№18 (58), 02.08.2007

Общество

Эй, на колеснице!

Современную российскую журналистику угораздило — и служит, и прислуживается одновременно

Авторы, лишенные реальных жизненных впечатлений, охотно сочиняют стихи и повести о муках собственного творчества. Подобные произведения обычно не вызывают читательского интереса и сочувствия. Так свидетельница ужасного случая битый час может рассказывать о том, как у неё все «внутри защемило, захолонуло и зашлось», ни словом не обмолвившись о сути происшествия. Однако сам я сегодня рискую предстать в сходной роли. Этот текст, размещенный на газетной странице, посвящен исключительно тому, зачем на газетной странице размещается текст. О журналистике собираюсь размышлять — это тем более самонадеянно, что о данном предмете автор имеет представления смутные.

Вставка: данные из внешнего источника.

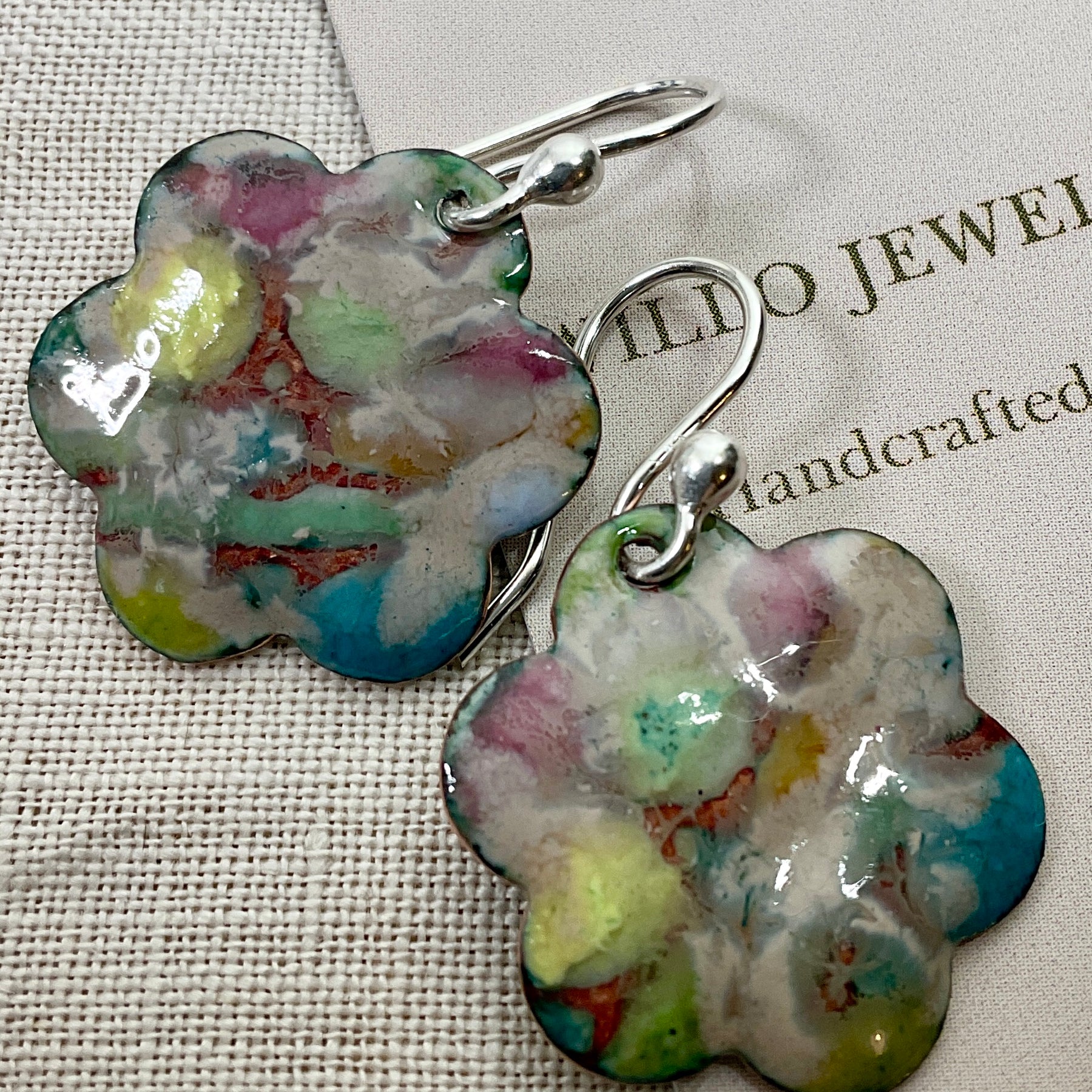 Pastel flowers. Enamel earrings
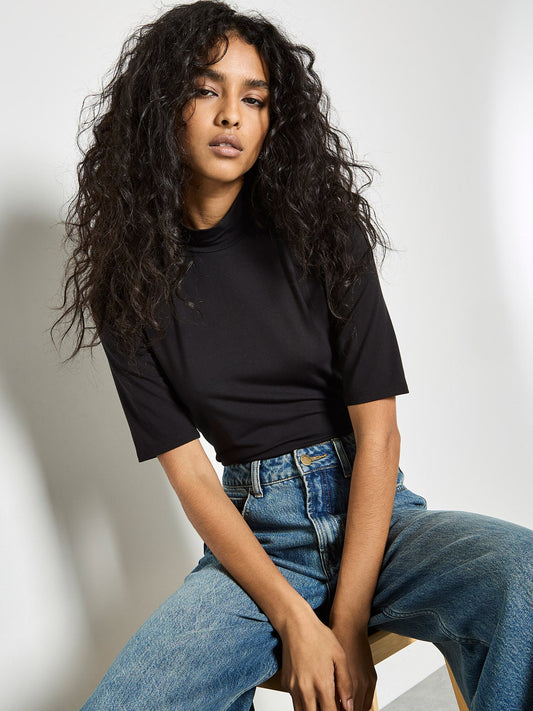 Mock Neck Elbow TeeTopsPosh Boutique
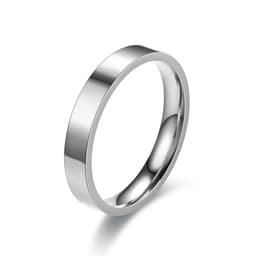 image-4mm Simplicity Flat Stainless Steel Rings Japanese Korean Fashion Glossy Titanium Steel Finger Rings Youth Boy Girl Jewelry Gift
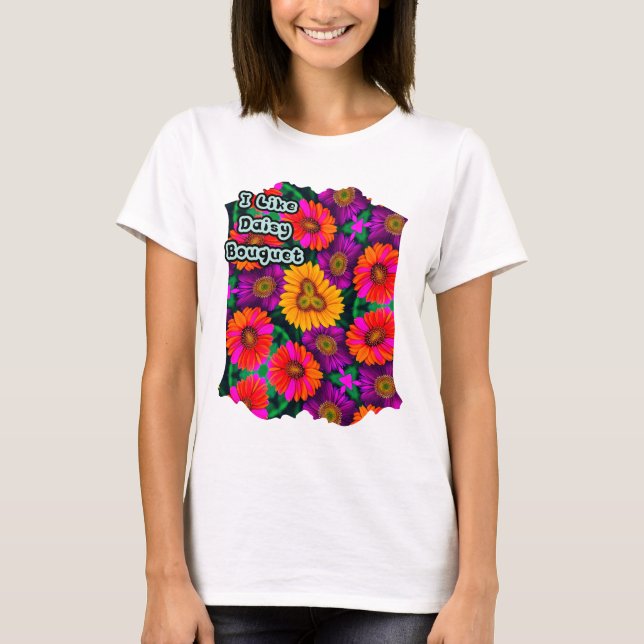 farbenfroh Daisy Bouquet Pattern T-Shirt (Vorderseite)
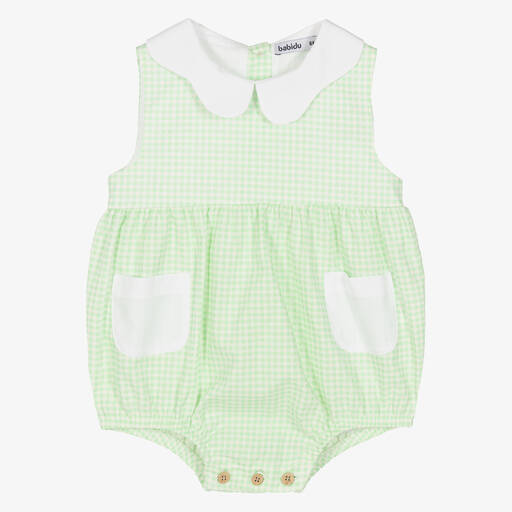 Babidu-Girls Green Gingham Cotton Shortie | Childrensalon Outlet
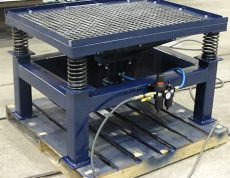 Pneumatic Drive Hopper Top Vibrating Table with removable screen top.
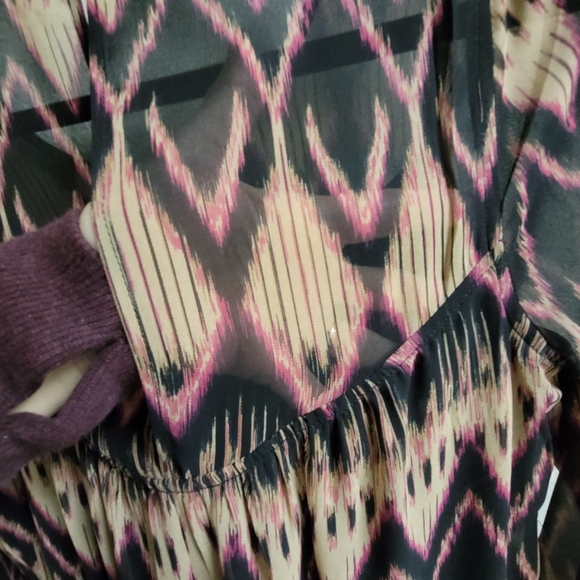 Express Aztec Chiffon Swing Midi Dress Small - Picture 13 of 15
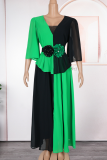 Green Elegant Contrast Flower Shape Deep V Neck Long Plus Size Dresses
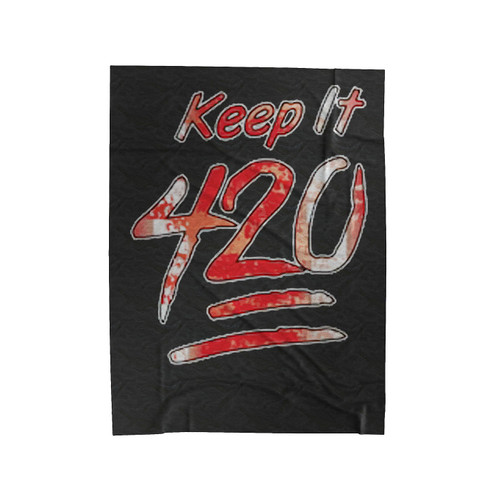 Keep It 420 Marijuana Leaf Velveteen Blanket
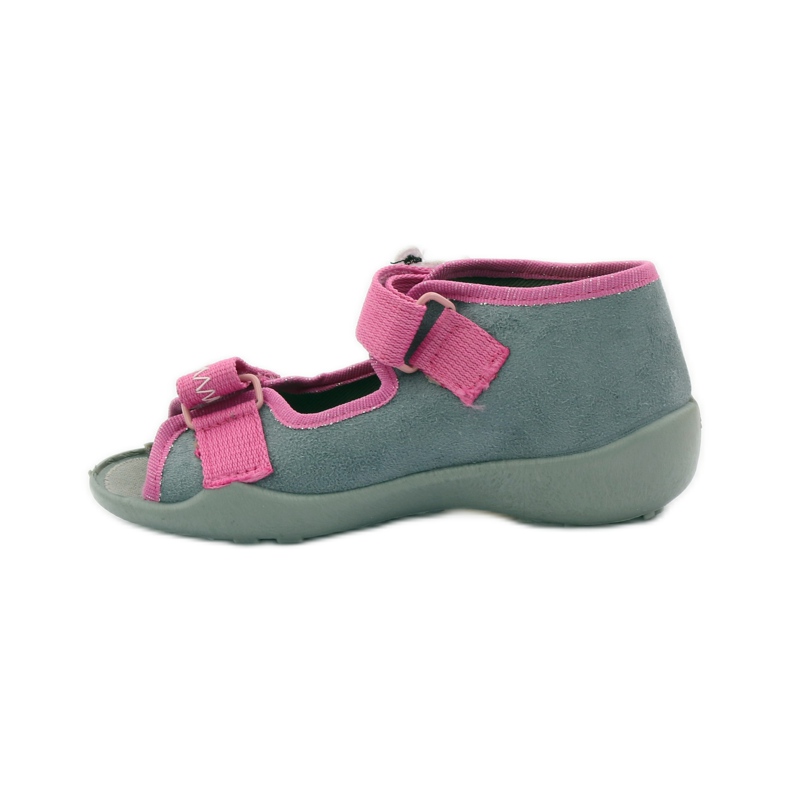 Chaussons, Sandales Velcro, Befado 242p073 rose gris blanche 2 Chaussons, Sandales Velcro, Befado 242p073 rose gris blanche 2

Регулярно писать для газет мне прежде не приходилось, я и читывал их не слишком прилежно. Собственное нынешнее сотрудничество с «НГ» в НН» сам я склонен объяснять лишь уникальной спецификой издания и склонностью его редакционного коллектива к рискованному эксперименту в пограничных областях. Претендуя на читательское внимание, поздно учиться азам ремесла, но ситуация обязывает ответить как минимум себе самому на сакраментальный вопрос: «зачем?».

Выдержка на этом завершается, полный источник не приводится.